1.エアロゲル粒子と、エアロゲル粒子のバインダー成分として、平均繊維径が100nm以下のアラミドナノファイバーと、フィブリル構造を有するアラミドパルプと、を含有する複合断熱シートであって、アラミドナノファイバーおよびアラミドパルプによってエアロゲル粒子が保持されており、アラミドナノファイバーの含有量が、複合断熱シートを基準として、5~25質量%であり、アラミドパルプの含有量が複合断熱シートを基準として5~25質量%であり、エアロゲル粒子の含有量が複合断熱シートを基準として50~90質量%である、ことを特徴とする複合断熱シート。
2.前記アラミドナノファイバーがパラ型全芳香族ポリアミドからなる前項1記載の複合断熱シート。
3.前記アラミドパルプがパラ型全芳香族ポリアミドからなる前項1記載の複合断熱シート。
4.前記エアロゲル粒子のバインダー成分が、熱重量分析において、400℃での重量減少率が10wt%未満である前項1記載の複合断熱シート。
5.面直方向の熱伝導率値が0.035W/(m・K)未満である前項1記載の複合断熱シート。
6.前記エアロゲル粒子が、金属酸化物、無機物および有機物からなる群より選ばれる少なくとも1つである前項1記載の複合断熱シート。

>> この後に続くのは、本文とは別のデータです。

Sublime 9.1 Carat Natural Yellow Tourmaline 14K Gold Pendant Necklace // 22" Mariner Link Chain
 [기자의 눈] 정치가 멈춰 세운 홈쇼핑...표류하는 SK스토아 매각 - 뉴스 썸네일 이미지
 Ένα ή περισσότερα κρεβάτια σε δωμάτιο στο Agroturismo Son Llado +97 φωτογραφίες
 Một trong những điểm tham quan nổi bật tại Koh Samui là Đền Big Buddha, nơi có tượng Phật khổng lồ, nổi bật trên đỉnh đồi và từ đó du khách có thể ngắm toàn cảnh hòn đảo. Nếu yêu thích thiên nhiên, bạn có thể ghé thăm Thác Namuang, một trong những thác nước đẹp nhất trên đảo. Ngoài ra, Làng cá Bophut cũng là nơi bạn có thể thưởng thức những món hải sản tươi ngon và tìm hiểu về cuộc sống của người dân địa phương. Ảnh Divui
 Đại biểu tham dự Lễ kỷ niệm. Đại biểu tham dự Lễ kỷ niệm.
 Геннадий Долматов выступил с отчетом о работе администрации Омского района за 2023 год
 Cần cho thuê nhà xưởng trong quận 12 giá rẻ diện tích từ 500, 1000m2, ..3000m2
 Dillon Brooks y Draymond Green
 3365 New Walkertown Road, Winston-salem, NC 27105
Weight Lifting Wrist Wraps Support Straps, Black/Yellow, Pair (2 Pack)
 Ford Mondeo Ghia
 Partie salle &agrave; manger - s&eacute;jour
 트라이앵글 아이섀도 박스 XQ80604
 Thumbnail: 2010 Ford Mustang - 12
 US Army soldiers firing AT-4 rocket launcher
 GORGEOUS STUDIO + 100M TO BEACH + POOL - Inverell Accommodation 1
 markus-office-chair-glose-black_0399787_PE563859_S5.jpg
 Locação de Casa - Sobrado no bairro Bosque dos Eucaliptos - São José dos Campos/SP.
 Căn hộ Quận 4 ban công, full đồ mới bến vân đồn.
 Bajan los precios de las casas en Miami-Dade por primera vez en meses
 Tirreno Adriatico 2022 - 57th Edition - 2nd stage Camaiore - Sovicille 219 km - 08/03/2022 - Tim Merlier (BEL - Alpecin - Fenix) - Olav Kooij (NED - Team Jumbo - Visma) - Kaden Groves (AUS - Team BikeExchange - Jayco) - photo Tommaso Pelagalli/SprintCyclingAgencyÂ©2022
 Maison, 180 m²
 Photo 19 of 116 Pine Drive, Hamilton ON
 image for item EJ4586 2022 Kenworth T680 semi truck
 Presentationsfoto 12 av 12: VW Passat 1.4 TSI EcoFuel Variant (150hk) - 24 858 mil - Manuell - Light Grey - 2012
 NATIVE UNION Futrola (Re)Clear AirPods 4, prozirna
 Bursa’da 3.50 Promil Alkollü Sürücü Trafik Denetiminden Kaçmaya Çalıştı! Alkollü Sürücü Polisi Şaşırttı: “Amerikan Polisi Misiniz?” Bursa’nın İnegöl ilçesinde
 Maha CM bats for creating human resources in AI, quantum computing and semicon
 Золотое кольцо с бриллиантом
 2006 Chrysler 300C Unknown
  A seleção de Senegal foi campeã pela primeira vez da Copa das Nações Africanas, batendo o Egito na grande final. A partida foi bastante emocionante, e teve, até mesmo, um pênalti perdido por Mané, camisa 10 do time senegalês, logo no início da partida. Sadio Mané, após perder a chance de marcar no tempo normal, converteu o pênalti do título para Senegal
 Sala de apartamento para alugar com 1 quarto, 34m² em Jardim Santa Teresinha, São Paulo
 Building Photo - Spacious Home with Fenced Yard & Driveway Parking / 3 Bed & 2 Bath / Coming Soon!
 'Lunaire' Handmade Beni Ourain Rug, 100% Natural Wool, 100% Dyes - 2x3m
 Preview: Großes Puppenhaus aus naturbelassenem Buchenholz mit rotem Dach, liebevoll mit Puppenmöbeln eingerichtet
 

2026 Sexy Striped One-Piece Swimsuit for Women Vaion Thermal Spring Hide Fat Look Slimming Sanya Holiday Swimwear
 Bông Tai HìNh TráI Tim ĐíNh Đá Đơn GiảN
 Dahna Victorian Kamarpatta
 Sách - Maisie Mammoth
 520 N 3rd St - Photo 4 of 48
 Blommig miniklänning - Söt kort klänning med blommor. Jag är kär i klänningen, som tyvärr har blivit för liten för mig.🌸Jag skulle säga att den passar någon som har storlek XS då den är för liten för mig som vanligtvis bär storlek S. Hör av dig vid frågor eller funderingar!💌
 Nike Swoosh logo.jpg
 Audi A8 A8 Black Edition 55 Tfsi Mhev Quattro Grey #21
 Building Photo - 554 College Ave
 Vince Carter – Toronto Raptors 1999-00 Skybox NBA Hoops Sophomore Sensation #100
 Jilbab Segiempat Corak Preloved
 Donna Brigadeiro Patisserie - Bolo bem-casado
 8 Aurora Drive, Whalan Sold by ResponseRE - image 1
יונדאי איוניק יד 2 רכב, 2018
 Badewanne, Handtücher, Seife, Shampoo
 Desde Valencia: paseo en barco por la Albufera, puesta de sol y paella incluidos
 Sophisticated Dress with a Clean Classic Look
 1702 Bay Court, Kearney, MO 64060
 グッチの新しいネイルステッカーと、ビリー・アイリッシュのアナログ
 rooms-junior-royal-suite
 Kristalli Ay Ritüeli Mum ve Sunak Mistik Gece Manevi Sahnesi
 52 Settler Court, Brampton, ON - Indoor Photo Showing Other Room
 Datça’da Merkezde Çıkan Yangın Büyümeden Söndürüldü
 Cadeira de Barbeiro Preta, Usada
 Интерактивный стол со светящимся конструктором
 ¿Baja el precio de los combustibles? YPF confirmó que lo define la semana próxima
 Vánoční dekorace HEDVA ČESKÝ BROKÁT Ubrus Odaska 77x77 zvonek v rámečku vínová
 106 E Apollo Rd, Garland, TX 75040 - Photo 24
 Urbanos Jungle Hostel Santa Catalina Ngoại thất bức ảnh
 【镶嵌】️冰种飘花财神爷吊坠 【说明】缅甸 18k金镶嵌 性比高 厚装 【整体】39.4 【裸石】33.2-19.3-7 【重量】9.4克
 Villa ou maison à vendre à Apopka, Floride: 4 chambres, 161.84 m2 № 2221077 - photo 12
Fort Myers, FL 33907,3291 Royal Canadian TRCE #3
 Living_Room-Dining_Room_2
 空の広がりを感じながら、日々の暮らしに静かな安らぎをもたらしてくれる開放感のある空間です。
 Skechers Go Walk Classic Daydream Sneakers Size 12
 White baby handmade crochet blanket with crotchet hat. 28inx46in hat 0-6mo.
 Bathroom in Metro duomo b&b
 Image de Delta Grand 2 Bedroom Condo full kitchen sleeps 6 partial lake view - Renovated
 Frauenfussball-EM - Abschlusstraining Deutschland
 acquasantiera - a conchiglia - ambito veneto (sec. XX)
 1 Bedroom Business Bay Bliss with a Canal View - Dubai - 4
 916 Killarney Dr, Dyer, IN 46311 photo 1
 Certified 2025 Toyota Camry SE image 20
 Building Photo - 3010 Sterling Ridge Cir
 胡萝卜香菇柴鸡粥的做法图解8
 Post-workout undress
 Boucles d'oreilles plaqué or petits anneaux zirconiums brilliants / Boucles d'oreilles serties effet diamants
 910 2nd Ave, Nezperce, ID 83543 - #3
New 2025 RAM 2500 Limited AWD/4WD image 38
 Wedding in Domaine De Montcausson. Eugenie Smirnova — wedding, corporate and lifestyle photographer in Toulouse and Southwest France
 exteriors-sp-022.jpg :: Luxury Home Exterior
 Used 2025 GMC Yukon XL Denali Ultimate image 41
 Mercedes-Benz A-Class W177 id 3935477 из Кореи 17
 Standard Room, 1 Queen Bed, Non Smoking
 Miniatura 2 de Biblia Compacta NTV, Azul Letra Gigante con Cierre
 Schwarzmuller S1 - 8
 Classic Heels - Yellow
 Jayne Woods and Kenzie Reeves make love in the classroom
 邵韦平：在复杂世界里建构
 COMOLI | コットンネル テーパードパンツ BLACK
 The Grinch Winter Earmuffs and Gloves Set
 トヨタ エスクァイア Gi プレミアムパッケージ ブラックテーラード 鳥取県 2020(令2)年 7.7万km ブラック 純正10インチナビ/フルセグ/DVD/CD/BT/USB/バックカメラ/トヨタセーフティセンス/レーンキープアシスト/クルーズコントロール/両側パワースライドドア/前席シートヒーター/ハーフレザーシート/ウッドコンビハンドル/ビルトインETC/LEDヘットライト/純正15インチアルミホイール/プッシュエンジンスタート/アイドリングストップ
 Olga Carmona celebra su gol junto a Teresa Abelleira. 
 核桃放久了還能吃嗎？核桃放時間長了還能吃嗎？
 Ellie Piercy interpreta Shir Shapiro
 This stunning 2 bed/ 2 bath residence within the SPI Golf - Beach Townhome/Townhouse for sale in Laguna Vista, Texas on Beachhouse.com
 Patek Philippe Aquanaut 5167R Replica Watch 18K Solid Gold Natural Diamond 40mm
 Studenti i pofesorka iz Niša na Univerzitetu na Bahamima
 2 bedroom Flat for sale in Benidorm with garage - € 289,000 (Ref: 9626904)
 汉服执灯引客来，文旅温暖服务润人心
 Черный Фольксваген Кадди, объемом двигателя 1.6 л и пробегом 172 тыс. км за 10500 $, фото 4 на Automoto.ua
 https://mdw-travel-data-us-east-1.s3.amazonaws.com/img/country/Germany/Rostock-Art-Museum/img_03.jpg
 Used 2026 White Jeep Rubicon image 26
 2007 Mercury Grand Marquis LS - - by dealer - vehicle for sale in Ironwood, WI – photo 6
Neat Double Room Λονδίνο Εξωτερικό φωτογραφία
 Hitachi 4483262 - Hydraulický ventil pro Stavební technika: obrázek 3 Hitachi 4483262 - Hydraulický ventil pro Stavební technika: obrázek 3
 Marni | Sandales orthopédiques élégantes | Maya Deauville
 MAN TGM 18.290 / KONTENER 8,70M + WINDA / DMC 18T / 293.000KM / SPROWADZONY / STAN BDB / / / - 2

7.平均繊維径が100nm以下のアラミドナノファイバーと、フィブリル構造を有するアラミドパルプと、エアロゲル粒子と、分散剤と、を溶媒中に混合分散してスラリーとし、当該スラリーの塗工、又は、抄紙工程により面状体に成形し、その後加熱乾燥してなる前項1~6のいずれか1項に記載の複合断熱シートの製造方法。
【発明の効果】
【0008】
本発明の複合断熱シートは、優れた断熱性、軽量性、柔軟性を確保しつつ、粉落ちが無く、成形性に優れ、且つ高温環境下でも使用可能であるため、その奏する工業的効果は格別である。
【図面の簡単な説明】
【0009】
図1】本発明で使用するアラミドナノファイバーの構造観察画像を示した一例である。
図2】平均繊維径算出用に、図1を拡大した構造観察画像を示した一例である。
図3】平均繊維径の算出方法に関する説明図である。
図4】バインダーとしてアラミドパルプのみを用いた複合断熱シートの模式図である。
図5】バインダーとしてアラミドナノファイバーのみを用いた複合断熱シートの模式図である。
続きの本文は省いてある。